A problem arises when the Town Plan uses these terms indiscriminately and/or ambiguously.  For example:  “Town Roads:  Town roads include non-arterial corridors within, or proximate to, the village center which serves residential and commercial users.”4  Here, in this case, it is unlikely that the term is being used with meaning #2, because a village center with that meaning is just a “pie in the sky” concept and would not fit.  Nor does meaning #3.  Much more likely is the concept of meaning #1.


If one were panning for gold in this Town Plan, one would find the nugget of gold in the vision statement.  It is there that the plans true purpose is revealed.

The following section is excerpted from Page 6 of the proposed Town Plan:


“A town with a preserved rural heritage and character with a pedestrian friendly Village Center supporting the development of business opportunities, with well developed social, civic, and recreational activities and venues that provide benefits to an active and diverse community.”  (emphasis added).

I submit that the term “Village Center” as used in the Vision statement is used with meaning #2.  Perhaps the clue that gives it away is the term “pedestrian friendly.”  I do not see where the DVC is ever going to be pedestrian friendly in its entirety, mainly because it is somewhat spread out and there is no parking available.

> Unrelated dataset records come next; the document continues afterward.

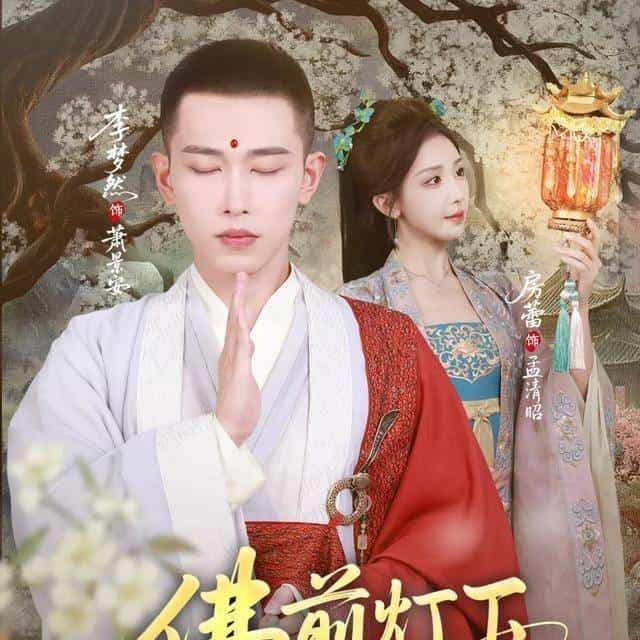 红果热播榜热度最高的十部爆火短剧，第一名1.23亿连续霸榜榜首！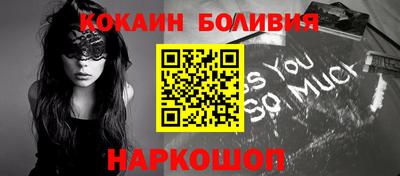 скорость mdpv Кингисепп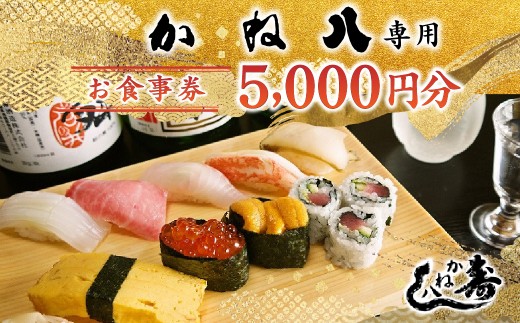 かね八専用お食事券　5,000円分　ONJO002
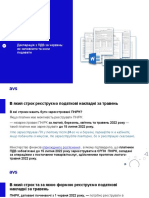 Бонусна Презентація 07 - 07 - 2022 - Декларація - з - ПДВ - за - червень - Уточнення - податкового - кредиту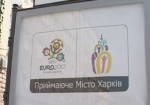 Харьков меньше всего понравился туристам Евро-2012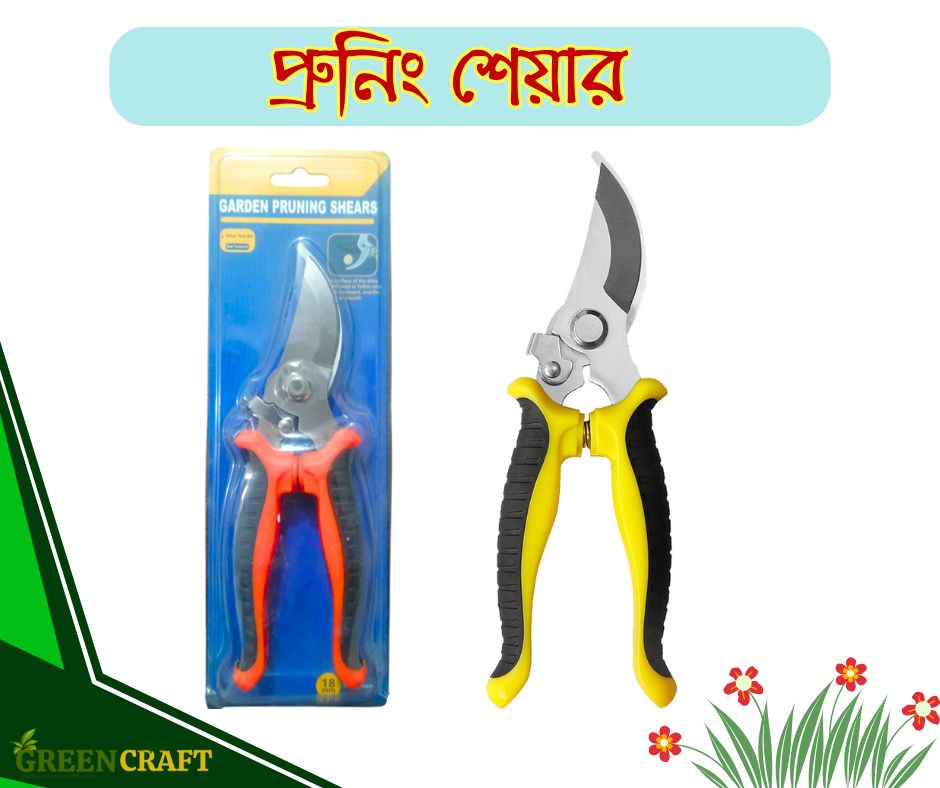 Garden Pruning Shears
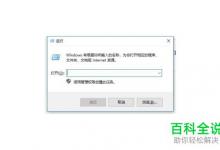 如何在Win10系统中解决短时间内不操作页面黑屏断网的问题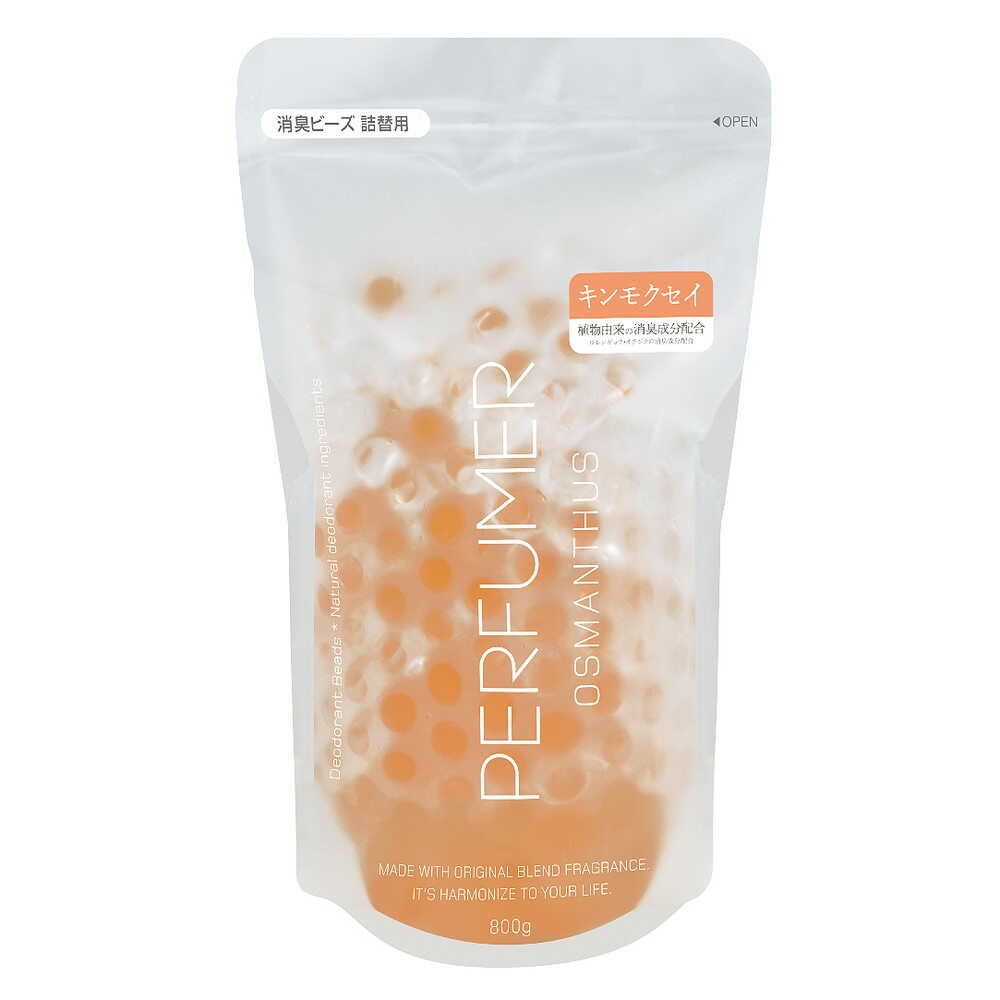 サンスタイル 消臭ビーズ 詰替 キンモクセイ 800g   【3個セット】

On page 10 the Plan goes on to build its case:

“Pittsford is unusual in that it lacks a developed village center.  A village center would provide synergistic business opportunities with convenience for shoppers, while limiting the negative aspect associated with uncontrolled sprawl.”

Here again, “village center” is being used with meaning #2.  It can’t be meaning #1, because it has a “Designated Village Center already.  No, what Pittsford lacks is a centralized, pedestrian friendly area – perhaps a 2 or 3 block area like Brandon, or perhaps an area the size of the Forest Farm.

Next, turn to the subject of the Post Office.  On page 37 the current Post Office is described as a brief indication to the saga of the PO Controversy.  More important is the following:

‘The location of the post office can be important in the Town’s development of a village center and its location should be given very careful consideration.”

If the Pittsford Selectboard members sign off on this section, they have ceded considerable control of the location over to the Planning Commission.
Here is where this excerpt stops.